(Data excerpts)
★ ★ ★ ★ ★ ★ ★

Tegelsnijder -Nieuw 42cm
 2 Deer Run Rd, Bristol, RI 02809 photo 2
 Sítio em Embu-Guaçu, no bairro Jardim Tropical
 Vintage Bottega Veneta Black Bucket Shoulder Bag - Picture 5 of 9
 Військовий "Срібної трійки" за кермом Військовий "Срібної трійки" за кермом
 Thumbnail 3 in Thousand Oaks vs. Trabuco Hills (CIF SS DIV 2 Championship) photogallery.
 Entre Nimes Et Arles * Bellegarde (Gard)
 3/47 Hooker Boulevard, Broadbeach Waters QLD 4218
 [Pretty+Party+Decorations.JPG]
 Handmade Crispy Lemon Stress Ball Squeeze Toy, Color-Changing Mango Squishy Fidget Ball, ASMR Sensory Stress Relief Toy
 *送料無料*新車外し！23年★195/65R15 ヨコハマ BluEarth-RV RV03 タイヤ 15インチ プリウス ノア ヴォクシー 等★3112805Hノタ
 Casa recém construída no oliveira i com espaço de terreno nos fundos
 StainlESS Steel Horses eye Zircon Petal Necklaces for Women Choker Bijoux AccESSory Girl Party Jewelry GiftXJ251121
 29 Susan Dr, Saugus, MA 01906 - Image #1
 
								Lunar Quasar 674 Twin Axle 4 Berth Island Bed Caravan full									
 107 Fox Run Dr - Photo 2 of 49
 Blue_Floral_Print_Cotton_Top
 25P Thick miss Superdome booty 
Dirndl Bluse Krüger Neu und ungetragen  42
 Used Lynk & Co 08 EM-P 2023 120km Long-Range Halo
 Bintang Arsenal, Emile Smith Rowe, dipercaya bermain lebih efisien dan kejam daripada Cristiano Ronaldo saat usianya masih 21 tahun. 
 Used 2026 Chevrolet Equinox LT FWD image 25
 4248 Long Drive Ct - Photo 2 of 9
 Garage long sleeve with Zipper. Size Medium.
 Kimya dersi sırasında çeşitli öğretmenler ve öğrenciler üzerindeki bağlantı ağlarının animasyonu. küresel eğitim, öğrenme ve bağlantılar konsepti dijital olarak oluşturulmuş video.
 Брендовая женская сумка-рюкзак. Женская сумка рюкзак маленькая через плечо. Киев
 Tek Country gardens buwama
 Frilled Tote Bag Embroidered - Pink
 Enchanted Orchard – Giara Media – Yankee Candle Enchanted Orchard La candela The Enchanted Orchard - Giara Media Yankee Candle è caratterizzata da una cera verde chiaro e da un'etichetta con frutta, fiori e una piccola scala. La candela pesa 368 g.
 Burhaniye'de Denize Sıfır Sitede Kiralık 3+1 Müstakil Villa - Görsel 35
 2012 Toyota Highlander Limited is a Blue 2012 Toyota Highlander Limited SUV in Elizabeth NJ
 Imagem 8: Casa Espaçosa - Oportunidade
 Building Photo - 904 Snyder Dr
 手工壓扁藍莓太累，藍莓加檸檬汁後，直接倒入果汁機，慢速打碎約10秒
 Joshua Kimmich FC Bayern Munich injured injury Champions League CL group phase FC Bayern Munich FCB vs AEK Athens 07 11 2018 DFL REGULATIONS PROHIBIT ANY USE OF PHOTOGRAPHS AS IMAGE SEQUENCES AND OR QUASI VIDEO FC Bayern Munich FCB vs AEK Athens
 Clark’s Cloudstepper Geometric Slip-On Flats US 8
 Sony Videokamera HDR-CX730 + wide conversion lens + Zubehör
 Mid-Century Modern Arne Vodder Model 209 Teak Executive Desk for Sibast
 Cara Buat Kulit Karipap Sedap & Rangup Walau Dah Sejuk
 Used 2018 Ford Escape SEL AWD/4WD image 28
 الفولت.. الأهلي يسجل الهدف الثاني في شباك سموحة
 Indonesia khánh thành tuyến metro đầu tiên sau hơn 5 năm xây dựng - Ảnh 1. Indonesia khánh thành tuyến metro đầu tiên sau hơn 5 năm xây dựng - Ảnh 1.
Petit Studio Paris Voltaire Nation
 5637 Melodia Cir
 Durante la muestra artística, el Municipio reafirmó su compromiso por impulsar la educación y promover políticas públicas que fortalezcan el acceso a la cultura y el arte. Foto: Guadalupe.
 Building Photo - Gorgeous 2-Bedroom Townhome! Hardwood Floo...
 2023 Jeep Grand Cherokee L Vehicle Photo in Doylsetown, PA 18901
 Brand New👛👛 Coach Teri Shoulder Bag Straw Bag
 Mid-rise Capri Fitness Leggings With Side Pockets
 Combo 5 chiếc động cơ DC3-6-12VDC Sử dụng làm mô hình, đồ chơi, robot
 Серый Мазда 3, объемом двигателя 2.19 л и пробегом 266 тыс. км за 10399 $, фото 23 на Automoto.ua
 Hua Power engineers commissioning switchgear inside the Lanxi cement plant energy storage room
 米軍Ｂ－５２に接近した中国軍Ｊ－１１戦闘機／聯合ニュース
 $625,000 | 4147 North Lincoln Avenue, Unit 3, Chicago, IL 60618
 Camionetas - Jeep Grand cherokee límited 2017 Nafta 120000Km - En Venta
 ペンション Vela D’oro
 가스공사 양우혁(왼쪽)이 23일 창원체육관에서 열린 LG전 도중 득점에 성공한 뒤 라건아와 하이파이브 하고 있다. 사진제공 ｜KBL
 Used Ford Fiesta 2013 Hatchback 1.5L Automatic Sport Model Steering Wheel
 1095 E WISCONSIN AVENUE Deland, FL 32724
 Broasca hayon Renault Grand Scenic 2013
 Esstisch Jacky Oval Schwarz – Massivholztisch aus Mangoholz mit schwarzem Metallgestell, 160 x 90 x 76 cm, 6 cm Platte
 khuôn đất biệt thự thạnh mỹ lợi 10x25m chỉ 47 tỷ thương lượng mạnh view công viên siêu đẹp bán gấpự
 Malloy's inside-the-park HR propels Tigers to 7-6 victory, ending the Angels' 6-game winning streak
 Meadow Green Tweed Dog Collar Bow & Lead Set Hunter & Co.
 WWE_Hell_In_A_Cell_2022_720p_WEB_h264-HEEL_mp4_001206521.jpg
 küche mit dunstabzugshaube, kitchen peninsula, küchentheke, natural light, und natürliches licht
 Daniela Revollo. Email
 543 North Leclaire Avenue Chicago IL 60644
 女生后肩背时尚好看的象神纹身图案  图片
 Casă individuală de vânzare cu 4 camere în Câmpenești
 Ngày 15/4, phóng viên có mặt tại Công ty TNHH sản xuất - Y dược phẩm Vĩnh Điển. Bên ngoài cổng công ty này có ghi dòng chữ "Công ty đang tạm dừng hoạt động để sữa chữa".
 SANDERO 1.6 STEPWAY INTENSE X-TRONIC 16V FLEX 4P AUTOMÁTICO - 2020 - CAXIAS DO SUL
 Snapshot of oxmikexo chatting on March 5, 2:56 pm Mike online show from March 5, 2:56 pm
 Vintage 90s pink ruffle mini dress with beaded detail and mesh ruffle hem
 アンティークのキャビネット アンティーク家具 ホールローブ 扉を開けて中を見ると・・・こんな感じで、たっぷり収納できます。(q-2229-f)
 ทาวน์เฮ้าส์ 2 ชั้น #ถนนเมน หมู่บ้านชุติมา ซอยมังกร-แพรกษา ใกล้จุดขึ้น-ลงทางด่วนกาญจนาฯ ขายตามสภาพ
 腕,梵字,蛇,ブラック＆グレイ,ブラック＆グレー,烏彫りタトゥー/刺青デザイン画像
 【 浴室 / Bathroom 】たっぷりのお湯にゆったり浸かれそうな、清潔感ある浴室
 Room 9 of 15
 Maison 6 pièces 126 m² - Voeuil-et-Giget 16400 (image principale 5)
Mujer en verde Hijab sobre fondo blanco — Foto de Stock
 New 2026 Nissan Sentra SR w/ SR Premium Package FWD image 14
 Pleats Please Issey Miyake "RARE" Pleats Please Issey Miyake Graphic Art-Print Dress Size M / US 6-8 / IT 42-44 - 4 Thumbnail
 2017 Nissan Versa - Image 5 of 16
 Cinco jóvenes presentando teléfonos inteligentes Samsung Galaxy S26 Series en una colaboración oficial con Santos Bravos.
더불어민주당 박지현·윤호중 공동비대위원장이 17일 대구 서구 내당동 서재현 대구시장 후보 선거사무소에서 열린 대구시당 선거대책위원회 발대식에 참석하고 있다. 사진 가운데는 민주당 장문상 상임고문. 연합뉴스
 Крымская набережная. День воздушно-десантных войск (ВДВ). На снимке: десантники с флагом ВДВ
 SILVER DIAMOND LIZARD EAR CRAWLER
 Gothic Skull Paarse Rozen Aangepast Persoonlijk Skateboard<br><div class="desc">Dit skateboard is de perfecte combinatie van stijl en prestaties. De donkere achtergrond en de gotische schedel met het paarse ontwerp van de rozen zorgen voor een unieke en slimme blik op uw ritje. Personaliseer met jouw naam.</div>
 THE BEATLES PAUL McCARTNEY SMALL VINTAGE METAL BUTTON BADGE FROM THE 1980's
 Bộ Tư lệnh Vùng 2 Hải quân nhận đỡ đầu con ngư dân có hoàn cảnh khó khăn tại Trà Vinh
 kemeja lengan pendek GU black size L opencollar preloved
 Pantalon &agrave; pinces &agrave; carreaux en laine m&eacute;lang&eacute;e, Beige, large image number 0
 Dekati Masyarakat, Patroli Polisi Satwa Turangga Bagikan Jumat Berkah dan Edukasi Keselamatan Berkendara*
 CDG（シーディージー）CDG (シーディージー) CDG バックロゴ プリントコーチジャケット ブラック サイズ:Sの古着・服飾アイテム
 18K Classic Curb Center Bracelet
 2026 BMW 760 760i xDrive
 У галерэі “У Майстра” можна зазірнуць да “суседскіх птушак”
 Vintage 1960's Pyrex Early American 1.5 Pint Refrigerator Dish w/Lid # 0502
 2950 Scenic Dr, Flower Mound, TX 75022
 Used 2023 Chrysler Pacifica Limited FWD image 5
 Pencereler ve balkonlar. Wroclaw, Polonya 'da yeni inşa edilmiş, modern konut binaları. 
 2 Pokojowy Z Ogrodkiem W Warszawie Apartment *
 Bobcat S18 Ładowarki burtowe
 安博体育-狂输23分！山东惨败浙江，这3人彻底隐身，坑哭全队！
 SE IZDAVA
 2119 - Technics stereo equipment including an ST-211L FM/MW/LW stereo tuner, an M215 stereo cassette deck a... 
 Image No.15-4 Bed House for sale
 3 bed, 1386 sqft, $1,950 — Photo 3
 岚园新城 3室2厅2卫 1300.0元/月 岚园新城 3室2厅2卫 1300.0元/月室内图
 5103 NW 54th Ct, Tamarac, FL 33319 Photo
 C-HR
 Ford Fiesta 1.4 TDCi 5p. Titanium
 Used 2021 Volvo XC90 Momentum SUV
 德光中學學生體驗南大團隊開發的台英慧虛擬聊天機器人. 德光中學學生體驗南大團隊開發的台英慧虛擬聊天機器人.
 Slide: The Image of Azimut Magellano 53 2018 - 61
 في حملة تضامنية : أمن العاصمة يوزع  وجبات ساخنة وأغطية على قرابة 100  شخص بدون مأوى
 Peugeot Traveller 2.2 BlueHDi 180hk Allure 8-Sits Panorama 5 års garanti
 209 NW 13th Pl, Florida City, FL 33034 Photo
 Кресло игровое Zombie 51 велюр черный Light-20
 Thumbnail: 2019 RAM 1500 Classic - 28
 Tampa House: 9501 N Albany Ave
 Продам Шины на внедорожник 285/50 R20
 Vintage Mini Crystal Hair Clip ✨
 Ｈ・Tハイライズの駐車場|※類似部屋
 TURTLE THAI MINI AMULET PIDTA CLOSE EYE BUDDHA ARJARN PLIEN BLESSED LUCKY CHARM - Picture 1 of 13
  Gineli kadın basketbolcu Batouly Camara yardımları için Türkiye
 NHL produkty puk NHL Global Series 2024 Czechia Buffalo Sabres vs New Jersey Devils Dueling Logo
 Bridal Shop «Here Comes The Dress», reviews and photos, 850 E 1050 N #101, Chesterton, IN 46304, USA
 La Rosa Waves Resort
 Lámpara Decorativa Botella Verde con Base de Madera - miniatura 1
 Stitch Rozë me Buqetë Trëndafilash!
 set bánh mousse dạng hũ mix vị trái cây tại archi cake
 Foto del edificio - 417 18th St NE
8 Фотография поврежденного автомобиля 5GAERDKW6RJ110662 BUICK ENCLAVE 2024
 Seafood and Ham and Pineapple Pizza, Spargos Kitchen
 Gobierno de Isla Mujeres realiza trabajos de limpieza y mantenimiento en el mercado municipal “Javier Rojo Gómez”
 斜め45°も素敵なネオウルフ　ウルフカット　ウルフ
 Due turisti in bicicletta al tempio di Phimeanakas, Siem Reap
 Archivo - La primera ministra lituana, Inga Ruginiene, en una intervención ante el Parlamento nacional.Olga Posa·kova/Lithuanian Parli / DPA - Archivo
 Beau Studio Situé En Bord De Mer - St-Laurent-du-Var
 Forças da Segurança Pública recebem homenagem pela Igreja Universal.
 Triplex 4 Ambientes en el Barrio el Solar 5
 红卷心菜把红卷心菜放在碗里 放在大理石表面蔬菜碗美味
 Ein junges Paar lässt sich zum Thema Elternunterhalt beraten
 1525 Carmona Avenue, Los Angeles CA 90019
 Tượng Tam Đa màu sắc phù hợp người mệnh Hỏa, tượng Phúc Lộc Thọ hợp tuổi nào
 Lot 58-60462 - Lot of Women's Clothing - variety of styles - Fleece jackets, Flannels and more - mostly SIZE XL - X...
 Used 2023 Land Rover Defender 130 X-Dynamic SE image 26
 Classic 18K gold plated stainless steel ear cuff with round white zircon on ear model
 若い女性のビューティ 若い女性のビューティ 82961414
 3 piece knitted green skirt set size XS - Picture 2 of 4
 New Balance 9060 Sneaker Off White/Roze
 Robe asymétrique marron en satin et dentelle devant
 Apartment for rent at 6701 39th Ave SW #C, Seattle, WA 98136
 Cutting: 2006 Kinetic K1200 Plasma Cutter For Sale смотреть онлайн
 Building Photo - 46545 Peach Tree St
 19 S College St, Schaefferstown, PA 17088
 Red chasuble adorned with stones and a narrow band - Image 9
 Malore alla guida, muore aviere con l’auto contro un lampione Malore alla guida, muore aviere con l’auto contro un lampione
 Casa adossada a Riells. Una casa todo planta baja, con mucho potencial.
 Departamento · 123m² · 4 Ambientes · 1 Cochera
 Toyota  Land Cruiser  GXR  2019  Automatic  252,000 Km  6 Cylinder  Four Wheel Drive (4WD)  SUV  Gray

★ ★ ★ ★ ★ ★ ★

*BRIEF:*
If a line above contains the string "Ford", count it, then give the total and nothing else.

*SOLVED EXERCISE:*
3